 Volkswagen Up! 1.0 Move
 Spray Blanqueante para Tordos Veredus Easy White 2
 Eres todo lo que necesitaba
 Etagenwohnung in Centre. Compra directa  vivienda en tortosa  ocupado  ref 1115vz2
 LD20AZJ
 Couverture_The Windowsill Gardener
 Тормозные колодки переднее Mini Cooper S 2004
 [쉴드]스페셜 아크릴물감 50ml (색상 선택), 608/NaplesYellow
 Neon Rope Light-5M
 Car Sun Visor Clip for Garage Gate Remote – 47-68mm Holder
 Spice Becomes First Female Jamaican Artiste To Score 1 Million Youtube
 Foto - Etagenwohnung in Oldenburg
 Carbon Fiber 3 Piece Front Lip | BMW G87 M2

------------------------------------------------------------

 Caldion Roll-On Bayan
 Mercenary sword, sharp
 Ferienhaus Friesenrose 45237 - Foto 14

------------------------------------------------------------

_WHAT THE EXERCISE ASKS:_ Could you retype exactly the lines above, starting at the line that contains "Eres todo lo que necesitaba" and ending at the line that contains "Car Sun Visor", and nothing more?

_ANSWER SECTION:_
 Eres todo lo que necesitaba
 Etagenwohnung in Centre. Compra directa  vivienda en tortosa  ocupado  ref 1115vz2
 LD20AZJ
 Couverture_The Windowsill Gardener
 Тормозные колодки переднее Mini Cooper S 2004
 [쉴드]스페셜 아크릴물감 50ml (색상 선택), 608/NaplesYellow
 Neon Rope Light-5M
 Car Sun Visor Clip for Garage Gate Remote – 47-68mm Holder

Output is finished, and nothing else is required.